What is required>
From the first line of the entries through the line containing "Red Mesh ‘think", output everything exactly except the pictures.
[Material provided — start]
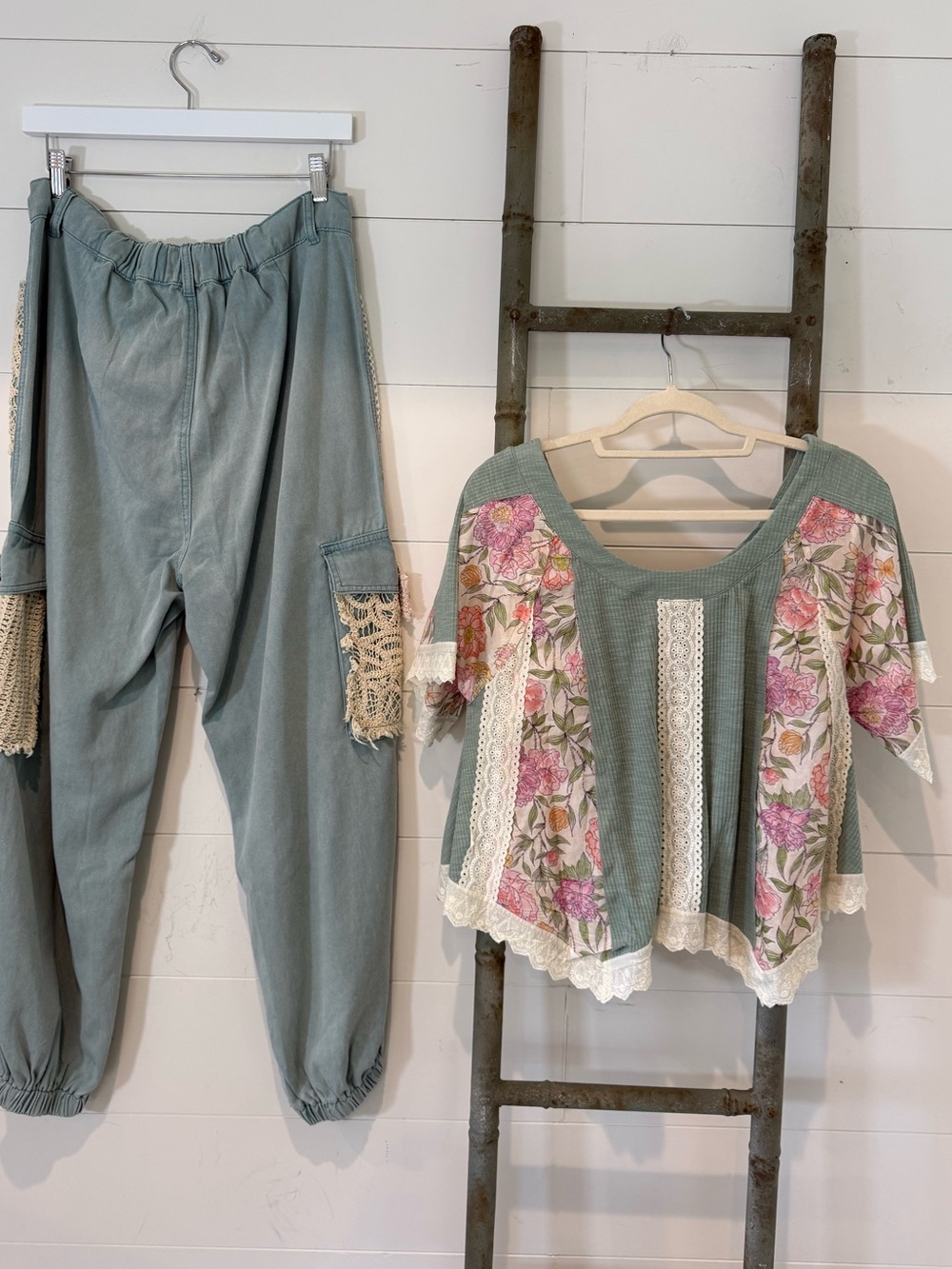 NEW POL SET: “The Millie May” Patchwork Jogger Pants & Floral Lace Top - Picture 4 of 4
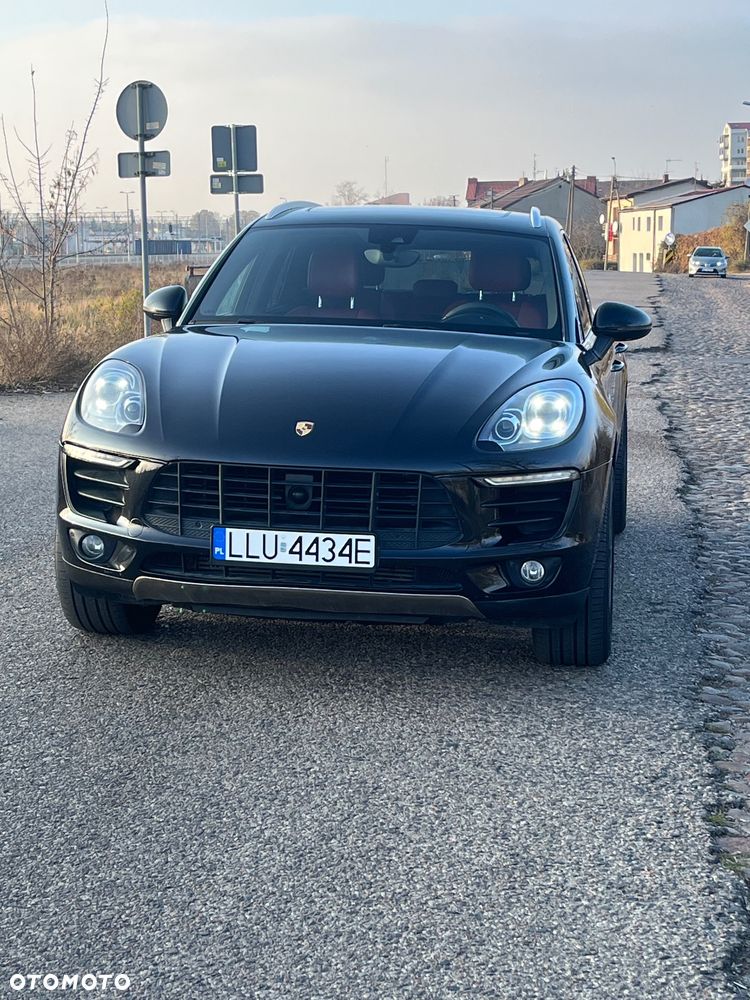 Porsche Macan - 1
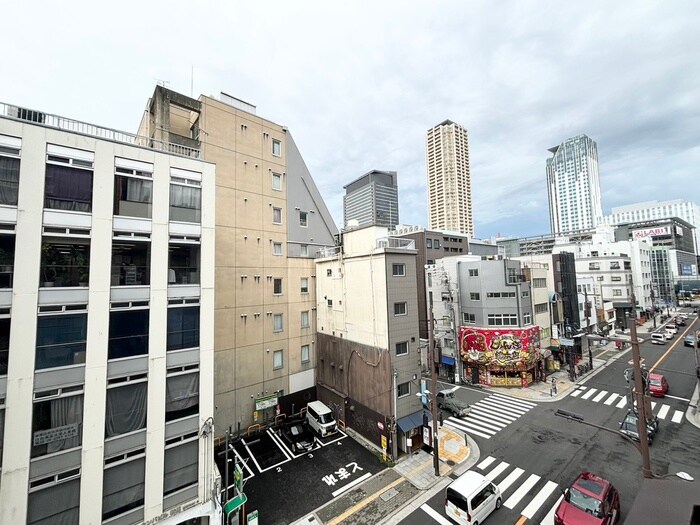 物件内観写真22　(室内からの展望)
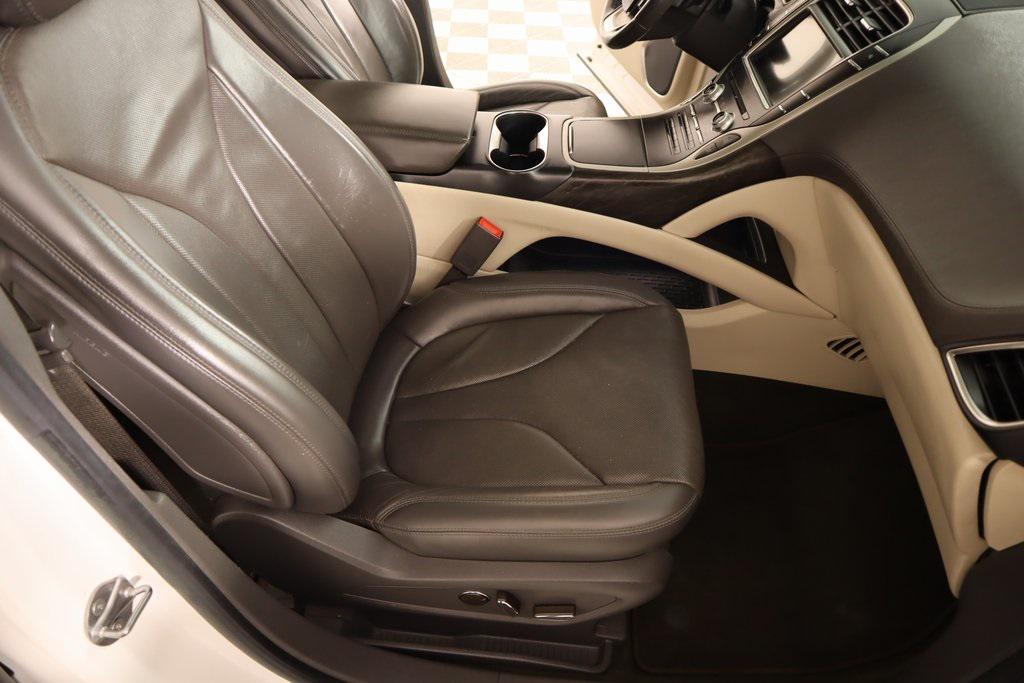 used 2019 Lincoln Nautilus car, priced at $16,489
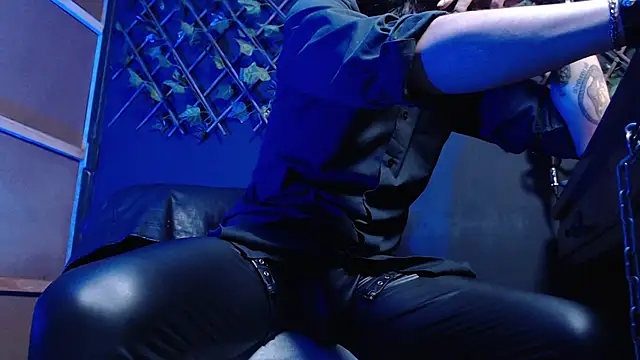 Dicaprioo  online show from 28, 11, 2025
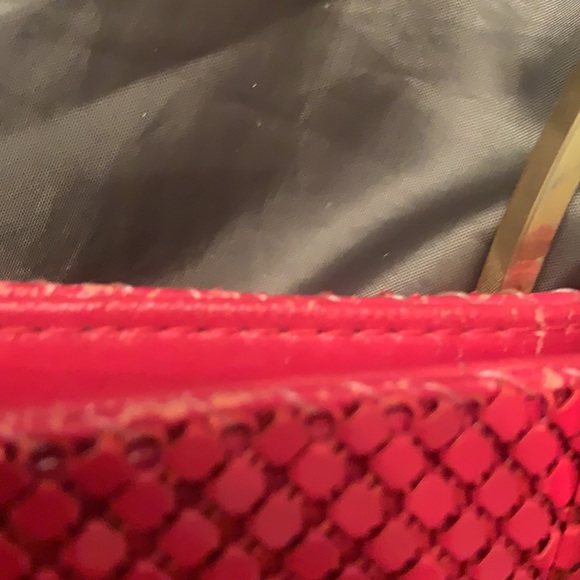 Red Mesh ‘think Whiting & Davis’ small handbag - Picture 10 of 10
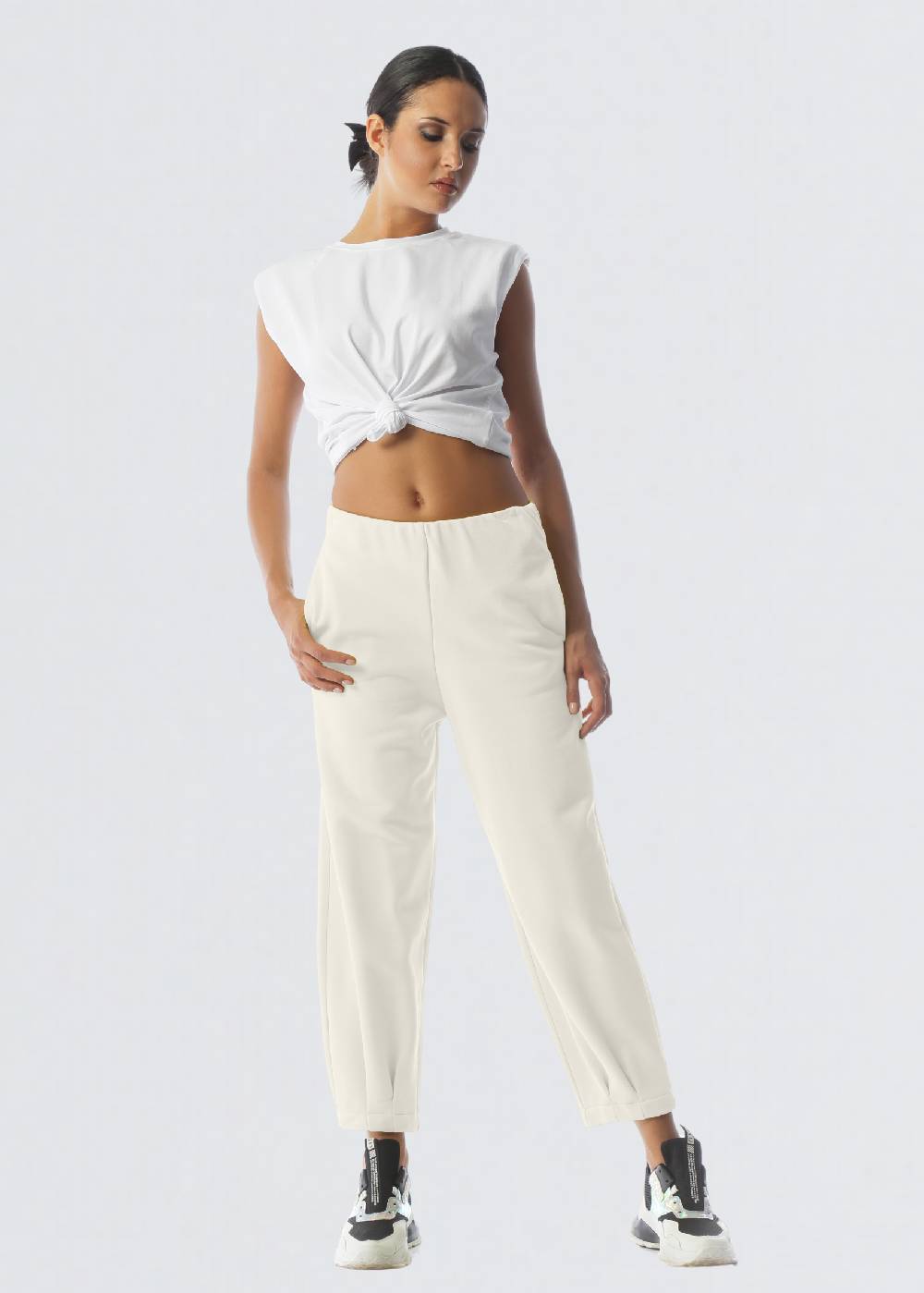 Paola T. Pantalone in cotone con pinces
[Material provided — finish]
Solution to this problem>
 NEW POL SET: “The Millie May” Patchwork Jogger Pants & Floral Lace Top - Picture 4 of 4
 Porsche Macan - 1
 物件内観写真22　(室内からの展望)
 used 2019 Lincoln Nautilus car, priced at $16,489
 Dicaprioo  online show from 28, 11, 2025
 Red Mesh ‘think Whiting & Davis’ small handbag - Picture 10 of 10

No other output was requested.